Task prompt - Below, find the line containing "Jetta VI Jetta"; from there to the final line, print every line exactly and skip the pictures.

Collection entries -
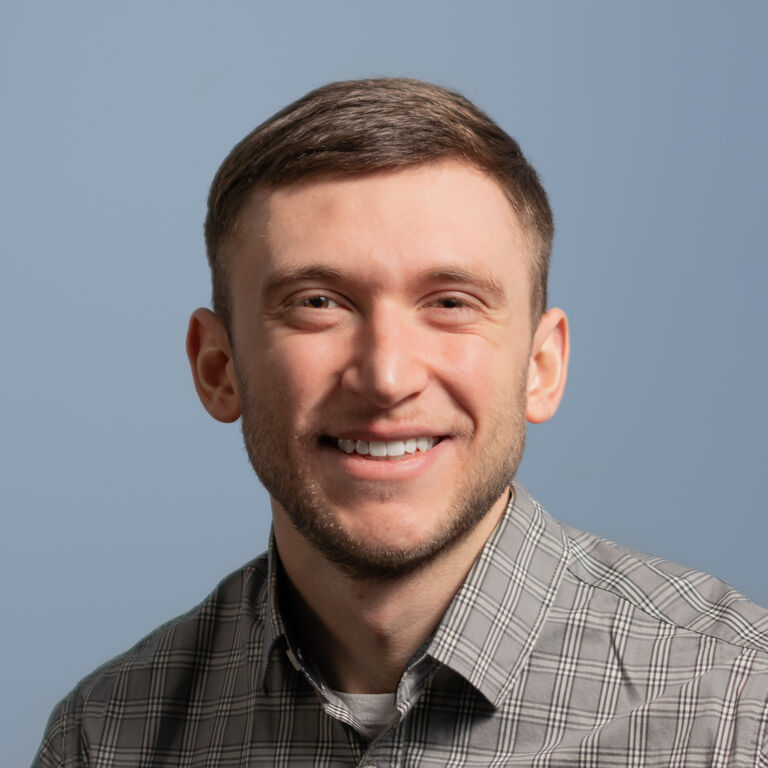 Dan Warner, Business Analyst Dan Warner, Business Analyst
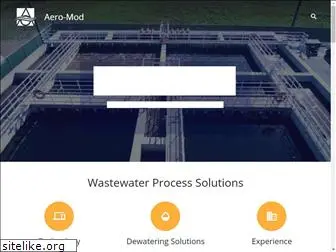 aeromod.net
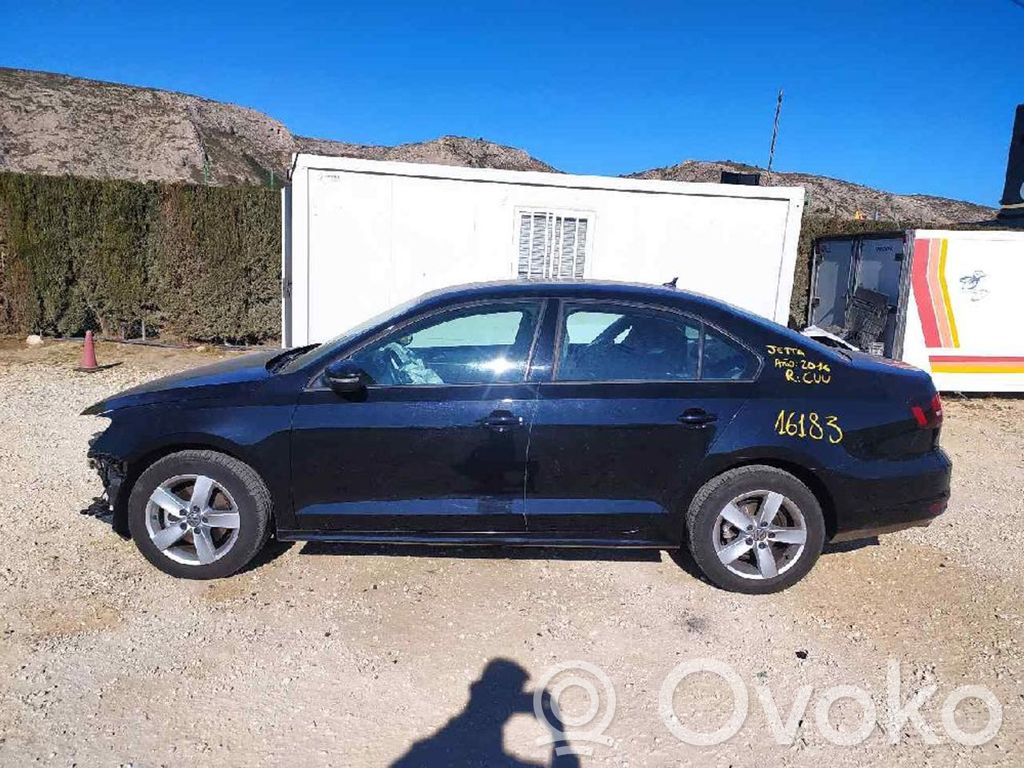 Jetta VI Jetta  1K4959857A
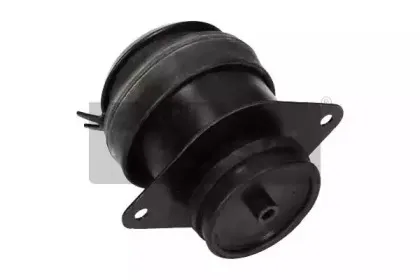 400039 MAXGEAR Подвеска, двигатель 400039 MAXGEAR Подвеска, двигатель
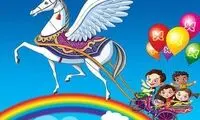 جشنواره فیلم‌ کودک در اصفهان فیزیکی نیست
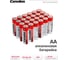 Батарейка 1.5В Camelion, LR 6 Plus Alkaline PB-24, 6752 1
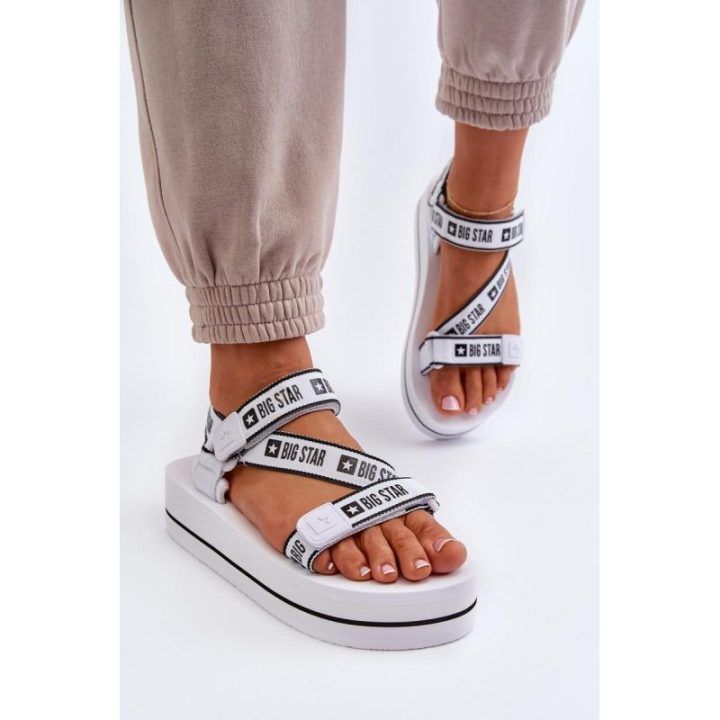 Basutės Step In Style – įvairiaspalvė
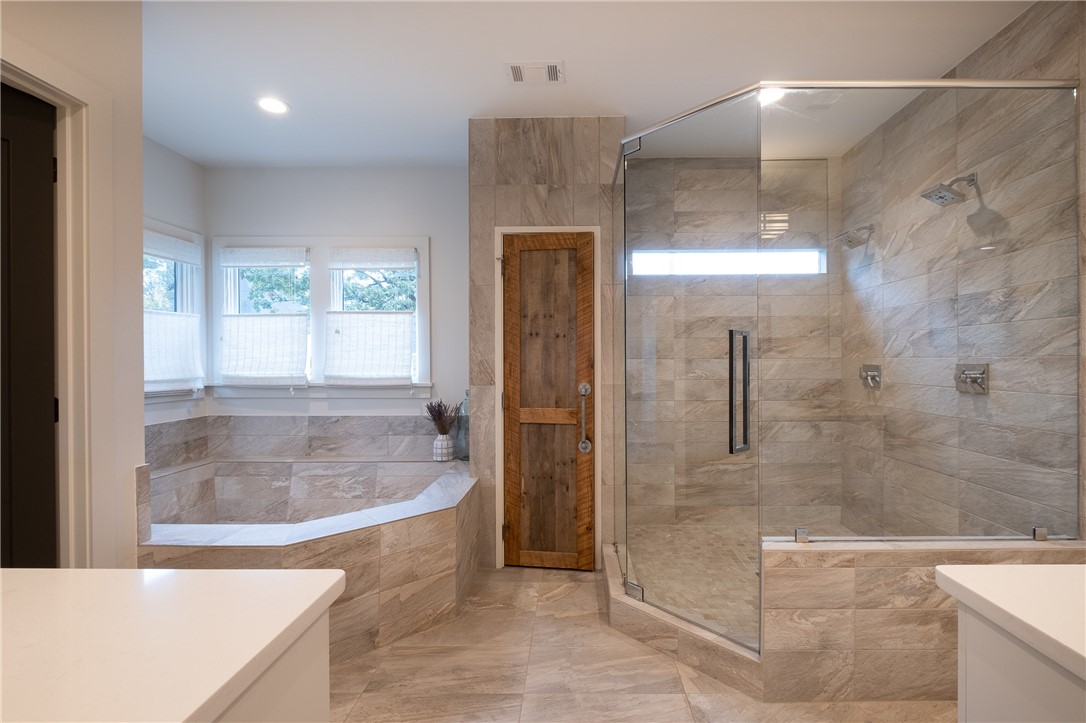 Parkview - Residential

Solution -
 Jetta VI Jetta  1K4959857A
 400039 MAXGEAR Подвеска, двигатель 400039 MAXGEAR Подвеска, двигатель
 جشنواره فیلم‌ کودک در اصفهان فیزیکی نیست
 Батарейка 1.5В Camelion, LR 6 Plus Alkaline PB-24, 6752 1
 Basutės Step In Style – įvairiaspalvė
 Parkview - Residential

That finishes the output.